Ein Ex-Nazi wird Pastor: Er hat einen Menschen getötet - jetzt ist er Pastor

Im Alter von 17 Jahren hat Johannes Kneifel einen Menschen getötet. Damals war er Neonazi. Im Gefängnis fand er dann zu Gott. Jetzt ist er Pastor im Erzgebirge. Wie geht das?

Er lag vor ihm, er blutete. Doch Johannes Kneifel konnte nicht aufhören. Er trat zu, immer wieder. Gezielt, mit den Stahlkappen seiner Stiefel. Danach war nichts mehr wie zuvor.

Jetzt steht Johannes Kneifel vorne am Altar. Drei Dutzend Frauen und Männer schauen zu ihm. Er hat den milchkaffeebraunen Anzug angezogen und ein schwarzes Hemd, hat die kurzen, rötlichen Haare mit etwas Gel gebändigt und eine modische Brille aufgesetzt. Vielleicht steht er etwas breitbeiniger da als andere und mit mehr Körperspannung. So, als müsse er sich gleich verteidigen. Aber das sehen nur die, die in diesem Moment an seine Vergangenheit denken. Alle anderen warten einfach, dass er predigt. Kneifel rückt das Mikrofon zurecht. Dann spricht er von der großen Herzlichkeit, die er in dieser Gemeinde erlebt. „Hier ist Gott zu Hause, wenn es einem gut geht, aber auch, wenn es schlecht läuft.“ Sogar er dürfe hier schwach sein. Das ist eine neue Erfahrung für ihn.
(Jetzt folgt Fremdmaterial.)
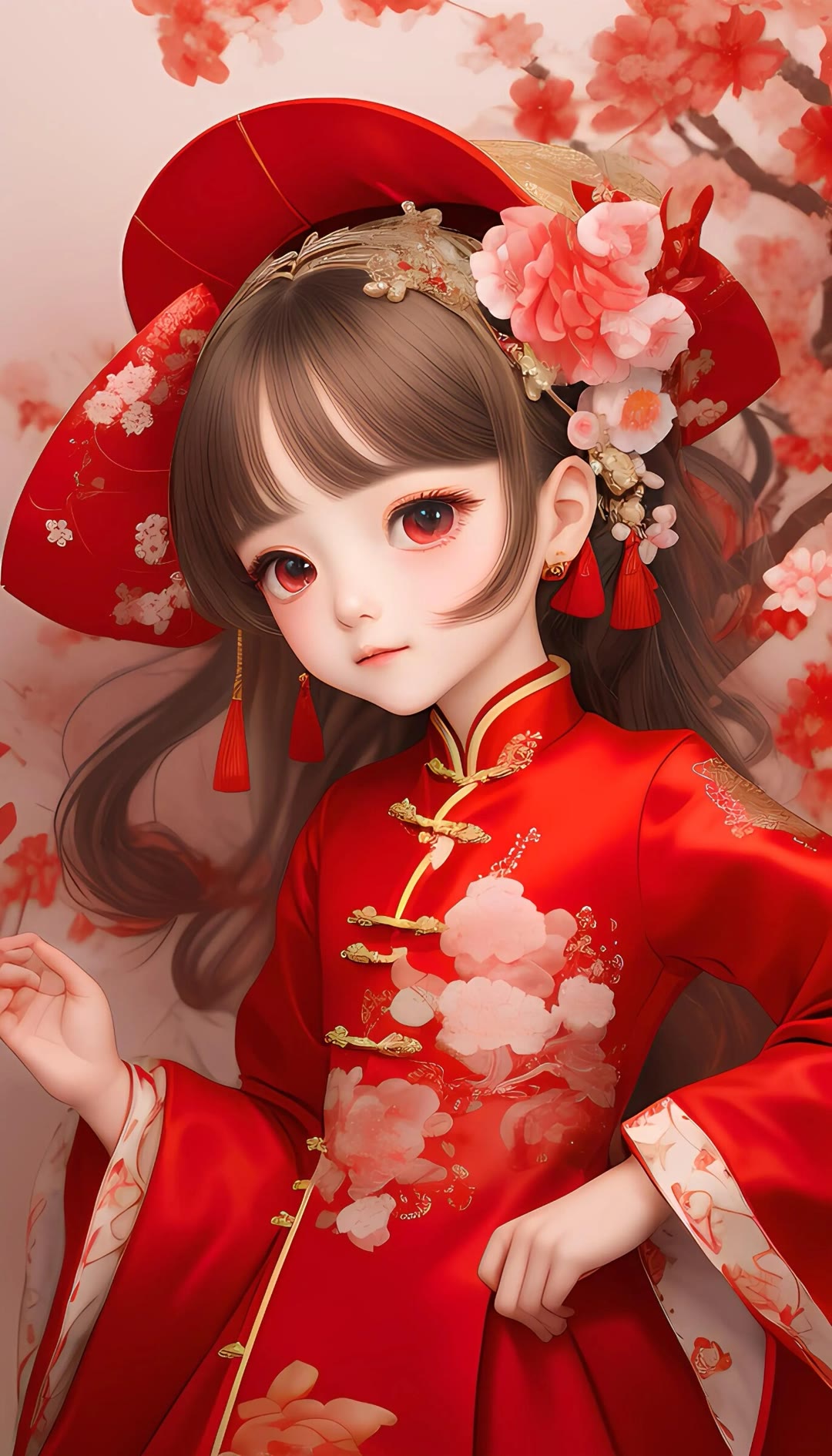 卡通女孩子中国新年装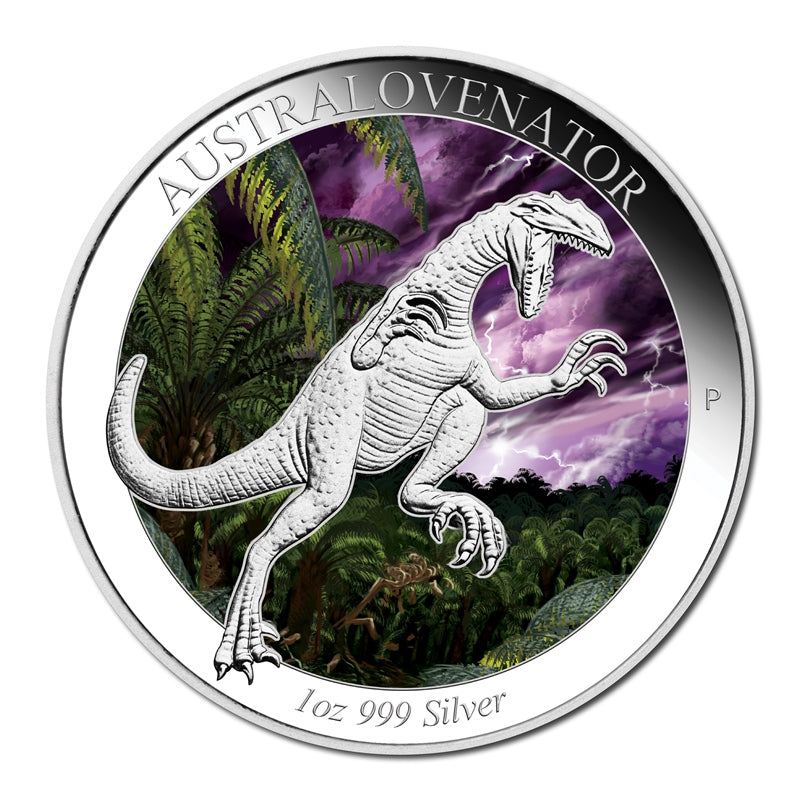 2014 Australian Dinosaurs - Australovenator 1oz Silver Coloured Proof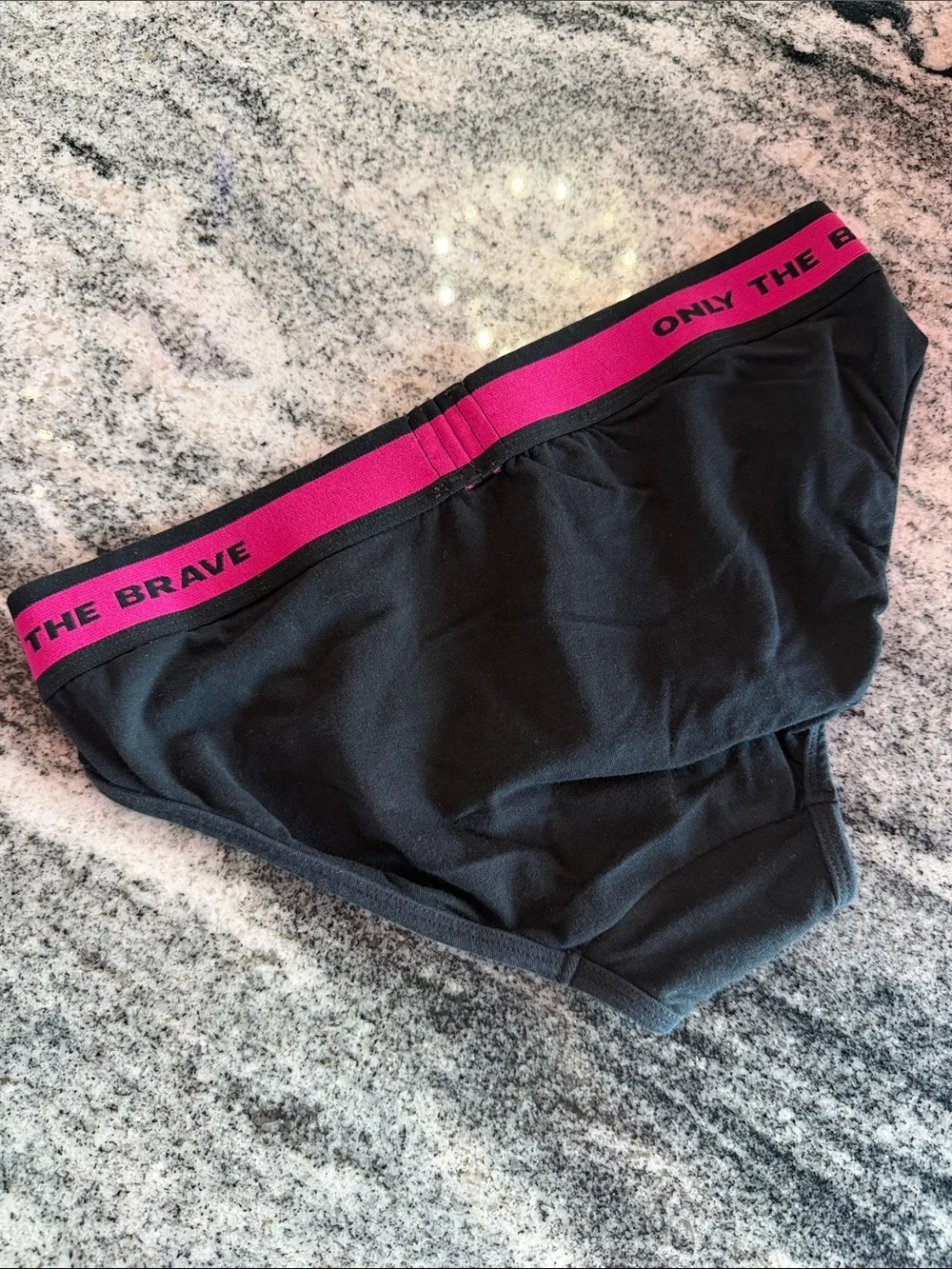 Diesel Black Briefs with Hot Pink Branded Waistband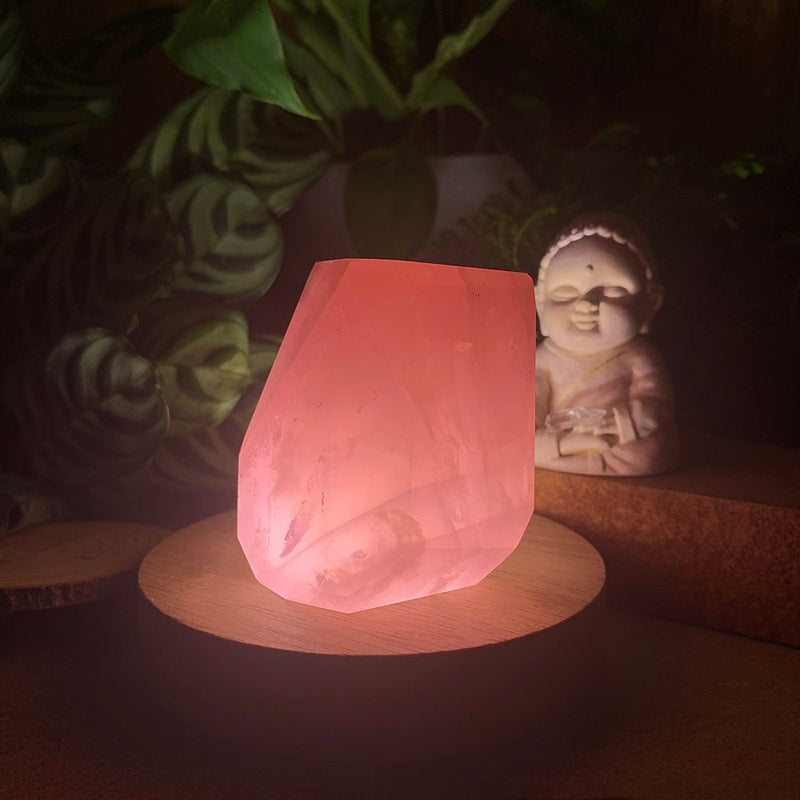 Crystal Mood Light (Rose Quartz Chunk) - wand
Er hat ein Menschenleben auf dem Gewissen

Johannes Kneifel ist 31 Jahre alt. Er war Neonazi. Er hat ein Menschenleben auf dem Gewissen. Er saß im Gefängnis. Heute ist er Pastor. Aber ist eine solche Wandlung überhaupt möglich? Kann ein Mensch sein altes Leben abstreifen wie die Schlange ihre Haut?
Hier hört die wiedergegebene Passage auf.